Originally Published: August 1, 2016 1 a.m.
While visiting San Diego I thought I would spend my time wisely – in pursuit of the “perfect wave.”
That’s right, I’m looking for that surreal phenomenon that has caused many a surfer to “drop out” of the real world, searching the globe for that one breathless wall of water, like none other, that takes you on the ride of your life. After coming back to the same beach year after year and wondering what the “real deal” is about surfing, I think I have finally discovered something here – it’s not the wave, it’s all about the ride.
Who would have guessed that a bunch of surfers with sun-bleached hair, donning wetsuits have figured out the true meaning of life? Surfing might be a metaphor for how we live our lives.

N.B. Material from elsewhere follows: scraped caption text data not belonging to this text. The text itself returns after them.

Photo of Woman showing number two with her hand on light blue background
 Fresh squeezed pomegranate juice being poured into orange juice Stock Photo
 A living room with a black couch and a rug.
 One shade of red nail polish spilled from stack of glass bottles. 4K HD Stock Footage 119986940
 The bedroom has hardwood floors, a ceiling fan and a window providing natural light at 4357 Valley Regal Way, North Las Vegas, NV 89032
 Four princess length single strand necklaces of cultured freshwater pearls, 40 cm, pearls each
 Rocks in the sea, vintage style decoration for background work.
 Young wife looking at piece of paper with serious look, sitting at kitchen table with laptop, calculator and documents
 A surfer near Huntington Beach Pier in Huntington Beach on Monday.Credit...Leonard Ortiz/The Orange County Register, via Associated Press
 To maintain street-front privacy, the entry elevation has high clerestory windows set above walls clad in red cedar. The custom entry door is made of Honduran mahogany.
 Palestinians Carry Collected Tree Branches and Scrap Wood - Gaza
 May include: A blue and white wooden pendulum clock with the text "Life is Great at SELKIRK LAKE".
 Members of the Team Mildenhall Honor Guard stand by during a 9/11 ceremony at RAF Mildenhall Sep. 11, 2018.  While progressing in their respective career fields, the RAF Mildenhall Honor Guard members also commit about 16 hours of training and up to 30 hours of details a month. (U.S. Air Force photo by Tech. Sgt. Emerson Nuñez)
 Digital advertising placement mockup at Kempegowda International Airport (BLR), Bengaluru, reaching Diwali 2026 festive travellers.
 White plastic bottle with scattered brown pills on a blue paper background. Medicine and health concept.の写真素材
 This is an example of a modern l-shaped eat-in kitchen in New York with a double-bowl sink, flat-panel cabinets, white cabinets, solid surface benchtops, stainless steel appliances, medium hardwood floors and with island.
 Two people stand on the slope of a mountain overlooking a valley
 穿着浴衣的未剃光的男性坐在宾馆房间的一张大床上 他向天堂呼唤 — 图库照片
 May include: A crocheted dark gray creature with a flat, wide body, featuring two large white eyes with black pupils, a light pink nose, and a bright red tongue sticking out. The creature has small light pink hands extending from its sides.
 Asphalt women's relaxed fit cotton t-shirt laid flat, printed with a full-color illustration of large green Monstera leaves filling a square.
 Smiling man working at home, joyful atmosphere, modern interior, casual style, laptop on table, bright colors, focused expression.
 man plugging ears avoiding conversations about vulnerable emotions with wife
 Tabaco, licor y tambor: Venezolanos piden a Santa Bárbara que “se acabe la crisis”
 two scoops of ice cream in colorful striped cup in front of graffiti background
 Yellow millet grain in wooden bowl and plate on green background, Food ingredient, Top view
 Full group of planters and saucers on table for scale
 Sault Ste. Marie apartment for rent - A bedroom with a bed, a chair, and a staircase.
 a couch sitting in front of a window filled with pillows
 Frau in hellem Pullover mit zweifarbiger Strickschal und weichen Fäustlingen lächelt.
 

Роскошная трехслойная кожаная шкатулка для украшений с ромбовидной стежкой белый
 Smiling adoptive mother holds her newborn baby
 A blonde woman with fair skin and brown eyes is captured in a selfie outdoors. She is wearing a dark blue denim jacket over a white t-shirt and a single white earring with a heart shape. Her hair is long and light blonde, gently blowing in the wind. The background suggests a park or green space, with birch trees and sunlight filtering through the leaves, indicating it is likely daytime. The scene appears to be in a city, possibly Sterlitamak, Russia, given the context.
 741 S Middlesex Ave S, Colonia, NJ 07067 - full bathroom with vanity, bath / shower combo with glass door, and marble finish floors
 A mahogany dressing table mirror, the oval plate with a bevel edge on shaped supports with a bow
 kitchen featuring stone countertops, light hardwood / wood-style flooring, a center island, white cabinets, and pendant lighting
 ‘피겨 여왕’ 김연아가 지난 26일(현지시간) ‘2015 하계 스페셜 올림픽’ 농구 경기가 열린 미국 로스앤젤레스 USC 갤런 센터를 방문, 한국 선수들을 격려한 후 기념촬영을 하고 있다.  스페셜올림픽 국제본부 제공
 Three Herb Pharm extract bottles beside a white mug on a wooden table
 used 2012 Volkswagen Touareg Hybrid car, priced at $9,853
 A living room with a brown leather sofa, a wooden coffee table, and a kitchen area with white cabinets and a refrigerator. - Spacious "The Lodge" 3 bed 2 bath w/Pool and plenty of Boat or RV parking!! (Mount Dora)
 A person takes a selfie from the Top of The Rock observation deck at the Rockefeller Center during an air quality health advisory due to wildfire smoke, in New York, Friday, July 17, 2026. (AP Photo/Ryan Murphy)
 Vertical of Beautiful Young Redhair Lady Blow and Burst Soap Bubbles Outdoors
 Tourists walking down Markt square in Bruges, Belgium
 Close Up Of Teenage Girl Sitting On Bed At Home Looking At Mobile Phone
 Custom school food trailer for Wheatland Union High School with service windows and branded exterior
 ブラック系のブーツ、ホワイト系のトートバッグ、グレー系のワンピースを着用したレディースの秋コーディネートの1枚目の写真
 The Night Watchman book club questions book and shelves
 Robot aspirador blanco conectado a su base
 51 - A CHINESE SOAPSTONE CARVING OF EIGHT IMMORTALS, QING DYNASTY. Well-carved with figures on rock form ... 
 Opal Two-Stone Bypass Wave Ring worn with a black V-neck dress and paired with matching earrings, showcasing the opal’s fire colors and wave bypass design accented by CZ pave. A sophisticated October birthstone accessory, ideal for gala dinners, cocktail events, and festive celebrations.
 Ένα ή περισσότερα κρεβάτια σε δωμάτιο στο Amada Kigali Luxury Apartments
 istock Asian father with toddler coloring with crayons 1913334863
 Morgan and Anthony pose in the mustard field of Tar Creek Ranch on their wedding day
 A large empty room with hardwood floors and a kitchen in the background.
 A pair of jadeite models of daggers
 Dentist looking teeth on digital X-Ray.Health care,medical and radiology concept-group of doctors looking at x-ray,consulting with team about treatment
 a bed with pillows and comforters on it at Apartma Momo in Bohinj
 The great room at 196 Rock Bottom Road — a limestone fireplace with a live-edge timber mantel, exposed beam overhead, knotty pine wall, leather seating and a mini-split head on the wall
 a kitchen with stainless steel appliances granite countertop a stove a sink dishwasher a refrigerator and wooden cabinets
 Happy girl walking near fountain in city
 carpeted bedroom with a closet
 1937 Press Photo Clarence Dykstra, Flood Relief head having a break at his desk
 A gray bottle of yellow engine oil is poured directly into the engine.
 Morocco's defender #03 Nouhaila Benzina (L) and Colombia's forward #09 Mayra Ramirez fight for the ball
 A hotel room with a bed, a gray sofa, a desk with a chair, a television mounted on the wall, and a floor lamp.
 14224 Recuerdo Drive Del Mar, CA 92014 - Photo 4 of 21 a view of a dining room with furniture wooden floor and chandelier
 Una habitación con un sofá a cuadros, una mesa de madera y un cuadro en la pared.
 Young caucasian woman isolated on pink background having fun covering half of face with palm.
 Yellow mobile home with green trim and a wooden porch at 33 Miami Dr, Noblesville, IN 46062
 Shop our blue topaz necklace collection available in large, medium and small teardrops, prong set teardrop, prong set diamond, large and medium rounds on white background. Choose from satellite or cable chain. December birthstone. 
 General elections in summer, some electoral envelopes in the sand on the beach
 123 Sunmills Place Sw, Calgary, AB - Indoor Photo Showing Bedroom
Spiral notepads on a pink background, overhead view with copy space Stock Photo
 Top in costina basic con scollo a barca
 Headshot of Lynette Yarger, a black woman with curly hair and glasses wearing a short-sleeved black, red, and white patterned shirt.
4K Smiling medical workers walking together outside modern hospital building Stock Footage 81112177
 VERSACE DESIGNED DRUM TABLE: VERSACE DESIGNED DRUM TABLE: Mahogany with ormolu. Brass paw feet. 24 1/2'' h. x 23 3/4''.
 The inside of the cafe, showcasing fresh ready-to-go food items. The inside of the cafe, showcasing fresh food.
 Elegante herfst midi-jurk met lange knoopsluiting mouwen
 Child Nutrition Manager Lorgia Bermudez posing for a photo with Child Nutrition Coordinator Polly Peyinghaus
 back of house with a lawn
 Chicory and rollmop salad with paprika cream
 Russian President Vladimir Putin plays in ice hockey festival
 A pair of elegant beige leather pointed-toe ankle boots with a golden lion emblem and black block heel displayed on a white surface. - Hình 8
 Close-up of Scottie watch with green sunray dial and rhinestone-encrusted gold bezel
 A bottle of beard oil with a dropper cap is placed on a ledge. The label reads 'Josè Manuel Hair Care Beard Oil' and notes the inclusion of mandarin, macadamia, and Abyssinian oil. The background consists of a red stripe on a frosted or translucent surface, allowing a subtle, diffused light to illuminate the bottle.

It’s not how high, far, or fast you go – it’s that one-heck-of-a-journey that matters. It’s about an ordinary person being able to capture an extraordinary moment while flying with a wave.
The “perfect wave” is a combination of adrenalin, huge tides, timing and luck. The largest wave may not carry you far, unless you are positioned just right. You have to paddle out in front of the wave, get picked up so you can glide over the top and “run with it” until you are flying on water. It also helps to be able to stay on your board. You could be out in the water every day for a week and maybe get one great ride.
While at the beach, I am acutely aware that the younger you are, the faster you can learn how to surf. My grandsons have easily mastered the art of boogey boarding and have graduated to the long boards.
I keep struggling to stand up on the board without immediately falling off, but a grandboy offers this encouragement: “You’re a grandma – don’t worry, it just takes longer.”
Yes, it does.
I have bumped into (literally) quite a few Arizonans while practicing my surfing skills. In fact, the entire Pacific Ocean is filled with “Zonies” (as the locals lovingly call us). However, if you look out farther from the shore and see a group of surfers congregating in their wet suits, carefully selecting which wave to “take on,” chances are these are not casual visitors.
They paddle out too far, too close to the pier, too bold to care whether the lifeguards are out and too early in the morning and too late at night to qualify as recreational surfers.
They are a serious lot, whose quest for the perfect wave is never ending.
Maybe that’s what’s wrong with all of us living in the desert. We don’t have an ocean close by! We’re missing out on one of life’s great adventures – finding that special wave. When so much in our world is imperfect, stressful, complicated, busy and hectic, the simplicity of running into the ocean with a board under your arm has got to be good for the soul.
Imagine swimming out to a distant spot, then waiting for that iridescent blue wall of water, concentrating on getting out in front of it and being lifted to new heights as you ride into shore. No worries or harsh reality can reach you when you’ve caught the “perfect wave.”
It’s just you and the roar of the ride.
I am back in Arizona now. No beach in sight. But when I’m particularly hot and tired, I will fix my gaze to the west. I know there’s a huge ocean waiting for me. In the meantime, Dear Readers, let’s make waves and sea life’s beauty.